Javier and Carlos were so stunned by the mess of viscera—the ribbons of flesh that got twisted around the spray arm, the detached eyeball that bounced around as the spinning slowed, the expression on what remained of his face— that they didn’t hear the footsteps coming up the stairs.

“He was too big.” The voice from behind them jolted them out of their shock. “I told Patrick to keep the dishwashers under 5’10. He broke the machine.” It was the owner. He had come up from the office when he heard the machine stop running.

“What?” Javier had only joked about the picking off of dishwashers as an explanation for the mass disappearances that had occurred. He had never thought it could actually be anything so sinister.

“Coming into our country. No papers. No trail. It’s so easy. None of them want any involvement with law enforcement. You think the cops would even care? A victimless crime, you know?” Without hesitation, the owner of the restaurant produced a gun from his pocket and shot both Javier and Carlos on the spot. The men fell to the floor, dead. “See? No one will miss you either.”

First, he called Patrick to let him know to alert the staff that the restaurant would be closed the next day. He had a lot more clean-up than he was used to. Then, before they started to decompose, while there were traces of life still in them, he drained the bodies that belonged to Carlos and Javier of their blood, rinsed his hands off in the sani bucket, and called the landlord.

“Hey, it’s me. I have this month’s offering all bottled up for you. But tonight I got three. You think we could make it thirty percent in that case?”

The man on the other end of the phone did not sound as impressed as he had hoped. “That’s not how this works. One body worth of blood is worth ten percent off your rent. There is nothing in our agreement that states that three bodies will get you thirty. The sacrifice requires precisely what I have asked of you.

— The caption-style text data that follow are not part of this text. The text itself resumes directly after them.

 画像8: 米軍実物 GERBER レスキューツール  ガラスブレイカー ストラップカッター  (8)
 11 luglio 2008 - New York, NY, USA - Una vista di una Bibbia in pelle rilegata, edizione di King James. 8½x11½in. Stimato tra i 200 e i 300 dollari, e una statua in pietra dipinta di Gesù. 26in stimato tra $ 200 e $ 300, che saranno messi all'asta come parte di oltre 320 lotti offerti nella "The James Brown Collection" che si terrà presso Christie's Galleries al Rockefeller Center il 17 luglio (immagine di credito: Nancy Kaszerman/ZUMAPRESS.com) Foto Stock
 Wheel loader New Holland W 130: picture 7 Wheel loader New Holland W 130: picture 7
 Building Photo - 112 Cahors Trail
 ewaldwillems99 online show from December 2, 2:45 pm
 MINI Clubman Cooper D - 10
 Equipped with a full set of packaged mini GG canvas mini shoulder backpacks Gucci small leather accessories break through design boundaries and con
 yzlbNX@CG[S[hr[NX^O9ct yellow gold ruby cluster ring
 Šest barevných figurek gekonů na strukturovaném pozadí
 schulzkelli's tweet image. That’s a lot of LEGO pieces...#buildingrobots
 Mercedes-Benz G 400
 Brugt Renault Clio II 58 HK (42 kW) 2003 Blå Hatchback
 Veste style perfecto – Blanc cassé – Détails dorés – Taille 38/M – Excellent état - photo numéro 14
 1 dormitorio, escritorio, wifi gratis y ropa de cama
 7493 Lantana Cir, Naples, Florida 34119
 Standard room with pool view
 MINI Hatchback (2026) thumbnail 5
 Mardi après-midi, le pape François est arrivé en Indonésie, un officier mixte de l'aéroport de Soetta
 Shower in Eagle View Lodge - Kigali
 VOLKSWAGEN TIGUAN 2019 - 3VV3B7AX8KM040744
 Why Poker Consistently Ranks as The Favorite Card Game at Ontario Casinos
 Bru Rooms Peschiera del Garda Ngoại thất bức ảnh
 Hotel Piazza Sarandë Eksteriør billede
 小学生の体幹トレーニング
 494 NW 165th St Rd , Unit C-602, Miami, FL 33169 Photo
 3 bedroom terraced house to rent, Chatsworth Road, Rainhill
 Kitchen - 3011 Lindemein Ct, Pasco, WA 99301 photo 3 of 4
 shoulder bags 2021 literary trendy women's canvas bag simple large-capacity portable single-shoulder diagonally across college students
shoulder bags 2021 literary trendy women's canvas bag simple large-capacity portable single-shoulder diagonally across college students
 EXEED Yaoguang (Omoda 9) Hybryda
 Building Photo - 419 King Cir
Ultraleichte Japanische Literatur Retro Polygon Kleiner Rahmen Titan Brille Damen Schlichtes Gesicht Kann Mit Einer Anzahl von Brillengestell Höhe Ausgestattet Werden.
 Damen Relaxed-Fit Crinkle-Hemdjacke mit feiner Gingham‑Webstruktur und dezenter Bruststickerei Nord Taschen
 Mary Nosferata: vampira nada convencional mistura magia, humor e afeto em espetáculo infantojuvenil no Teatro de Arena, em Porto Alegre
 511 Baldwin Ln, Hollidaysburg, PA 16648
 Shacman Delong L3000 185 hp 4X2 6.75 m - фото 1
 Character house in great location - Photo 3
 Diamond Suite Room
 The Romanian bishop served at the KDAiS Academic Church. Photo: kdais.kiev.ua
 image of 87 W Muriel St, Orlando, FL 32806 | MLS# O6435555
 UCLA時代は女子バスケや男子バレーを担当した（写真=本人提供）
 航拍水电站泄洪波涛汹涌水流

What do you expect me to do with the rest of it? Freeze it? It won’t keep. You think He wants to drink bitter blood? Don’t insult me like that. And you know only so much pulp can fit through the pipes without clogging them. The other two bodies are yours to dispose of. You figure it out.” 

And he hung up the phone, leaving the owner alone in the silent room with three dead employees and more work ahead of him than he had bargained for.